## What you will do
Exactly and only the lines below from the one containing "Black Cotton Blend" down to the one containing "Christmas Gift 2" are wanted, both included; please exclude every picture.

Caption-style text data
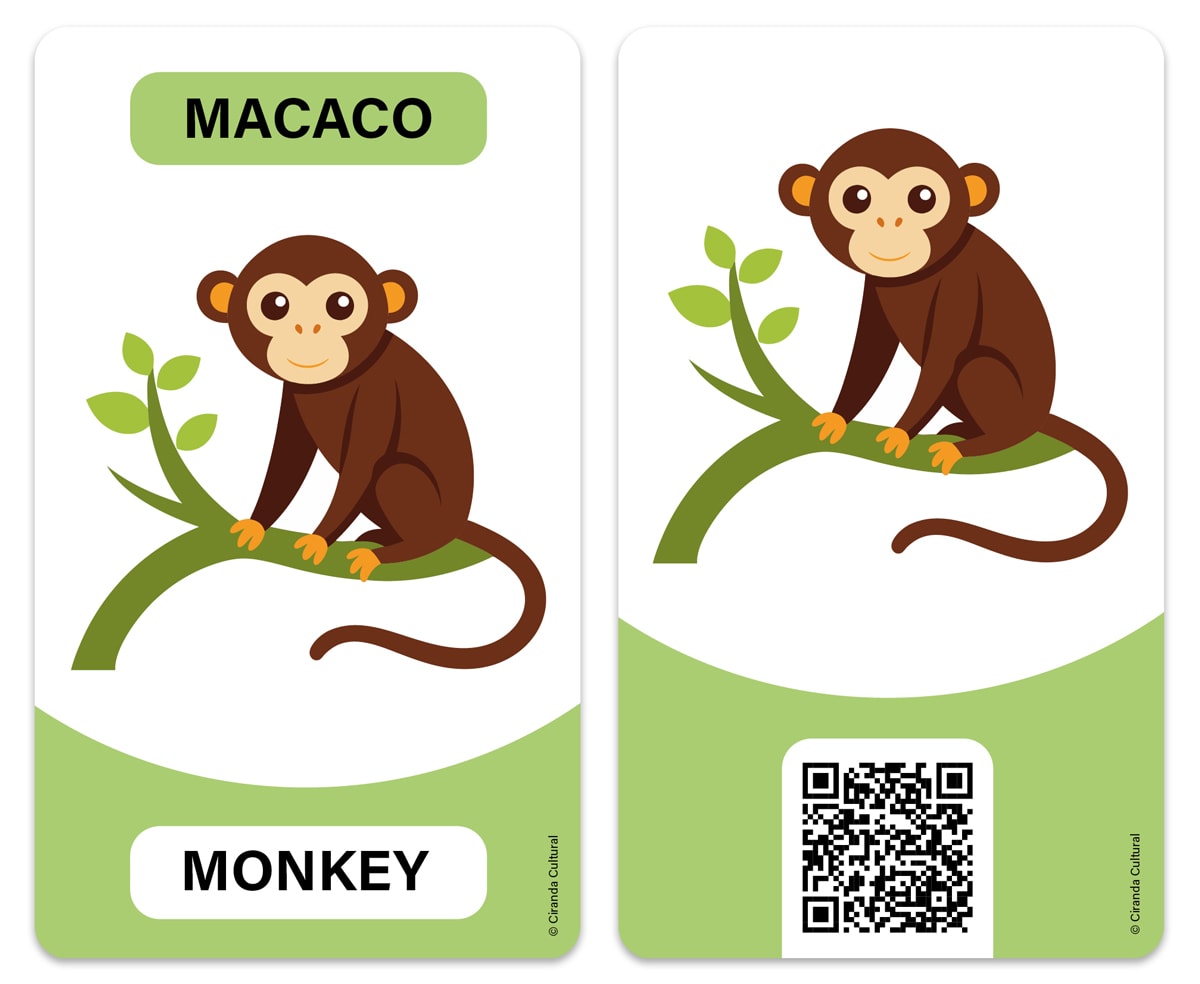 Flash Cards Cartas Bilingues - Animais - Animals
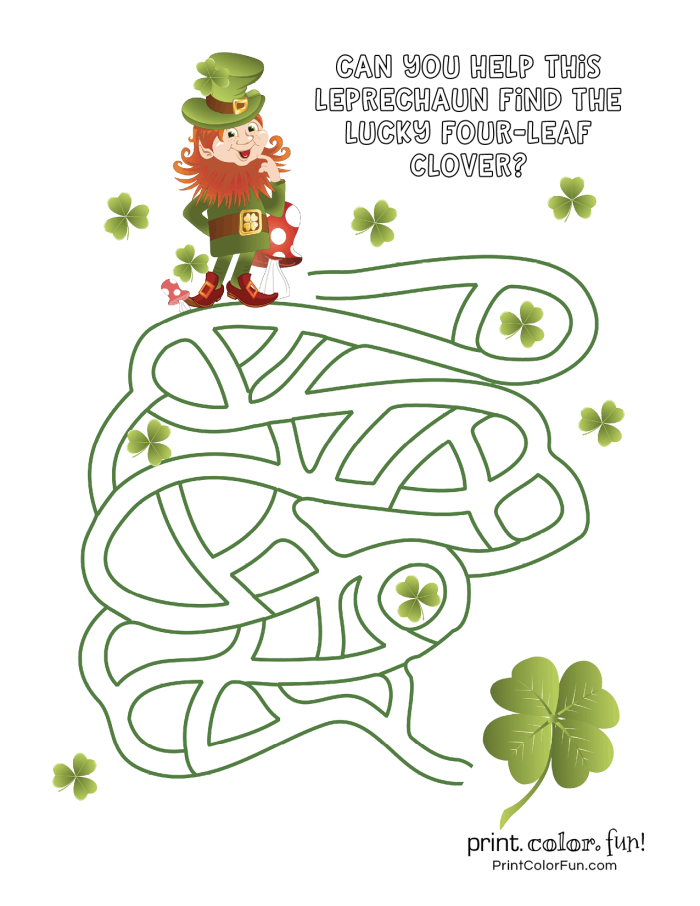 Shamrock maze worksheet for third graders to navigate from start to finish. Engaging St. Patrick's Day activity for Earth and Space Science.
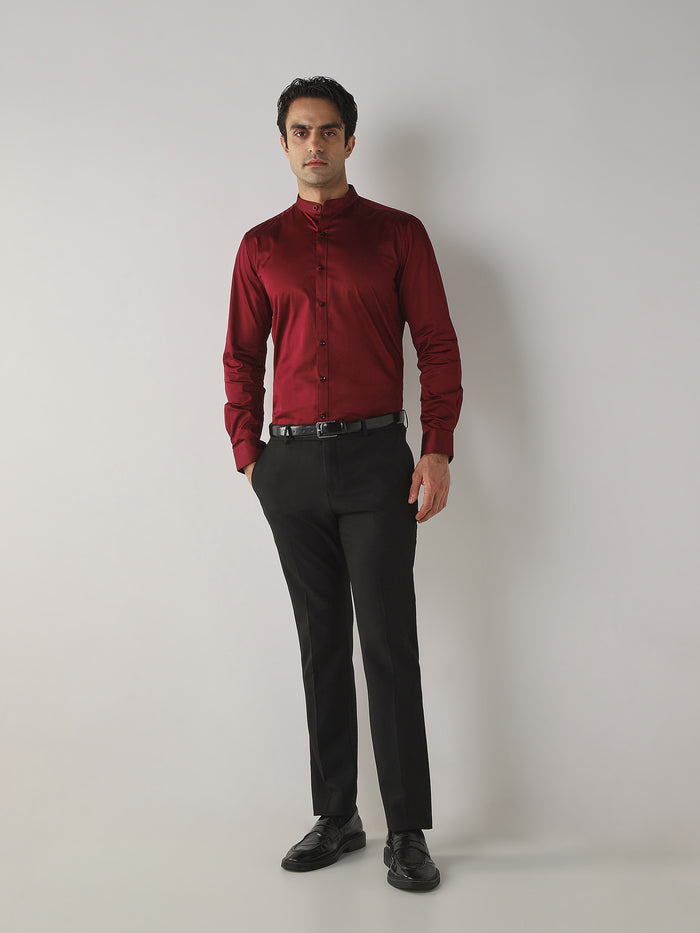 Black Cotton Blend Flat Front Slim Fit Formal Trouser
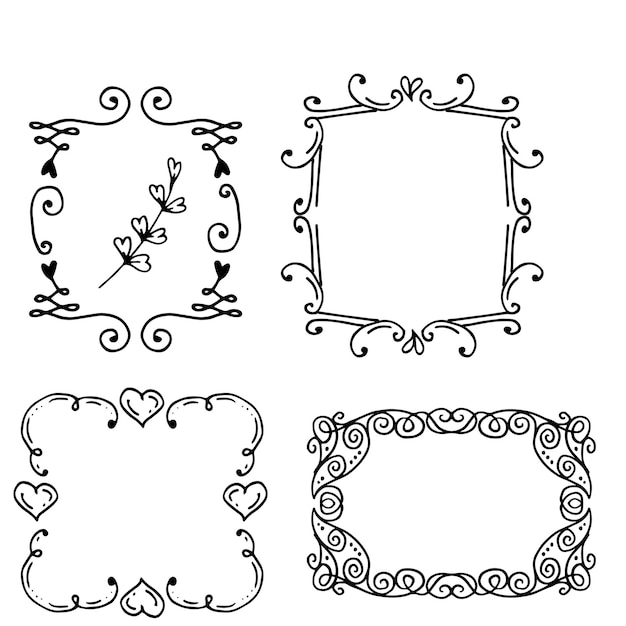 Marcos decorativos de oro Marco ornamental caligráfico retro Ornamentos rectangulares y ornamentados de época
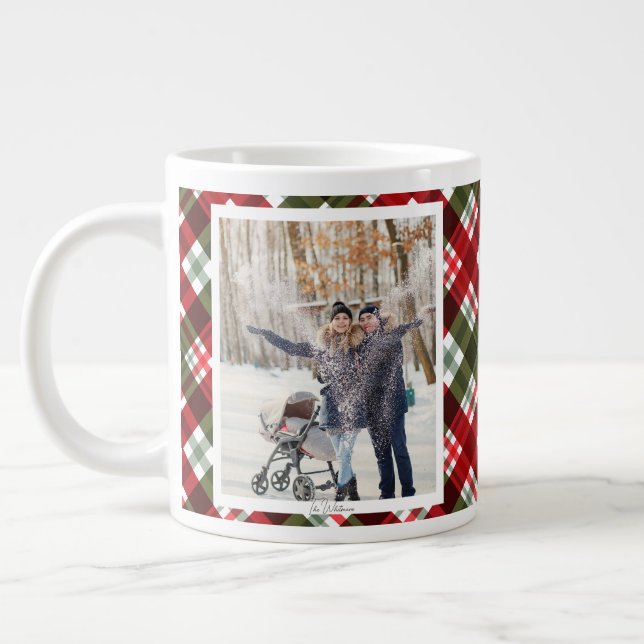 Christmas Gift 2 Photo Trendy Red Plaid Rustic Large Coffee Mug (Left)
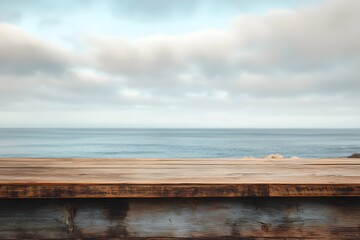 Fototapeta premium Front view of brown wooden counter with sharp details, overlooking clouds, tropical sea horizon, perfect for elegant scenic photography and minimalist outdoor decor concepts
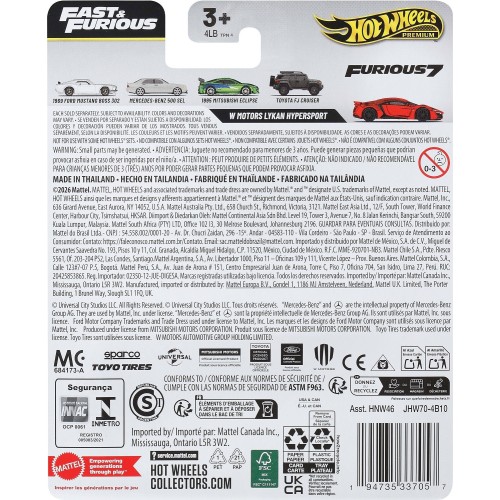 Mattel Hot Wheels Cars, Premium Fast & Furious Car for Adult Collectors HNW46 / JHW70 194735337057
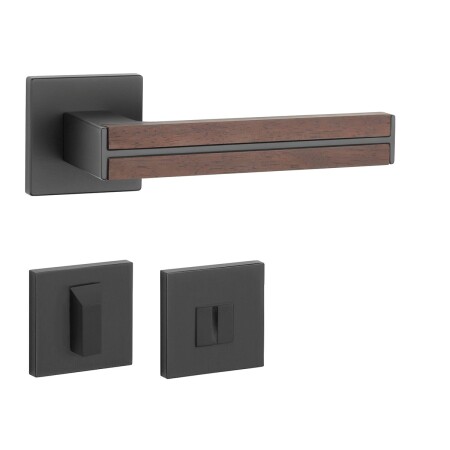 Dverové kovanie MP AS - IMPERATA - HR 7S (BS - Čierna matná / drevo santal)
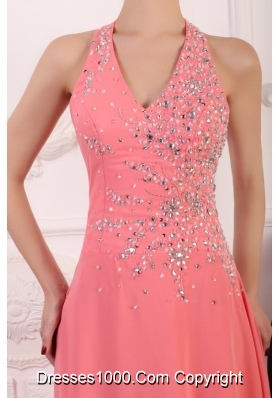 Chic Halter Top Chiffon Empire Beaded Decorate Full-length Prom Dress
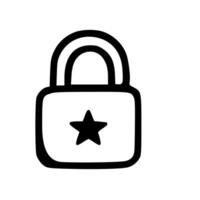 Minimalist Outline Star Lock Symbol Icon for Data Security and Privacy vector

## Answer space
 Black Cotton Blend Flat Front Slim Fit Formal Trouser
 Marcos decorativos de oro Marco ornamental caligráfico retro Ornamentos rectangulares y ornamentados de época
 Christmas Gift 2 Photo Trendy Red Plaid Rustic Large Coffee Mug (Left)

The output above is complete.